*** DATA RECORDS ***

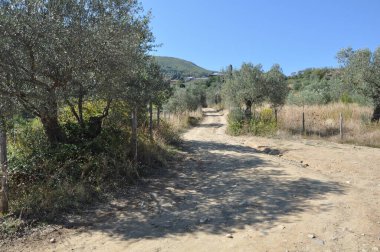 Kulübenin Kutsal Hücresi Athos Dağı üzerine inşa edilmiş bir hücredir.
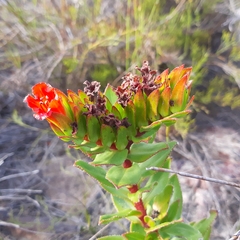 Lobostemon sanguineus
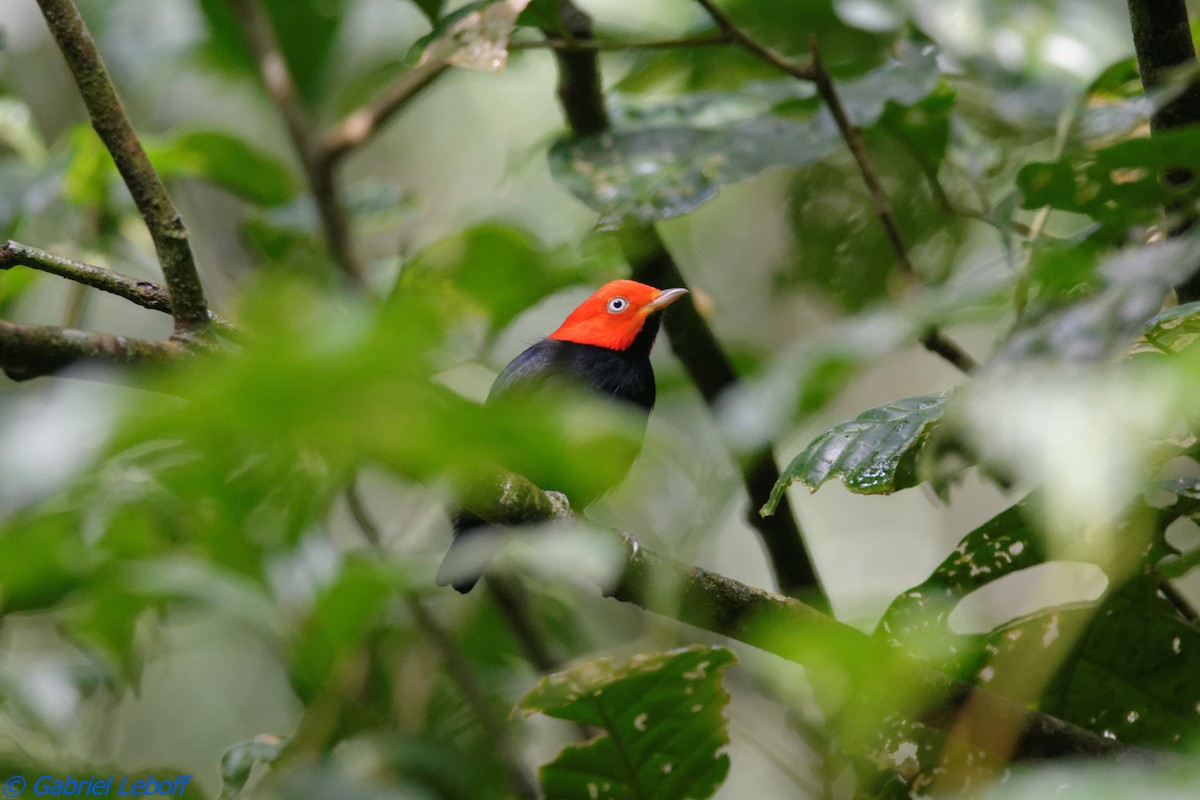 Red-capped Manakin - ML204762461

*** End of DATA RECORDS ***
*** DATA RECORDS ***

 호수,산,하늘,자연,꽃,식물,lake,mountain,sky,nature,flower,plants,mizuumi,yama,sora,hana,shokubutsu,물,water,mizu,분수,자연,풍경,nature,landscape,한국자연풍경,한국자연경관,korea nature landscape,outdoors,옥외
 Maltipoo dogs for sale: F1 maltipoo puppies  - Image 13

*** End of DATA RECORDS ***
*** DATA RECORDS ***

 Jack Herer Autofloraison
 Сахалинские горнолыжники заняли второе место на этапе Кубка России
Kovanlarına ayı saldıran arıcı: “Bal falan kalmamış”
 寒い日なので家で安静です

*** End of DATA RECORDS ***

• _TASK_:
Within the listing above, the lines starting at the one containing "Lobostemon sanguineus" and ending at the one containing "Red-capped Manakin - ML204762461" are to be returned exactly. Omit the pictures.

• _ANSWER BOX_:
 Lobostemon sanguineus
 Red-capped Manakin - ML204762461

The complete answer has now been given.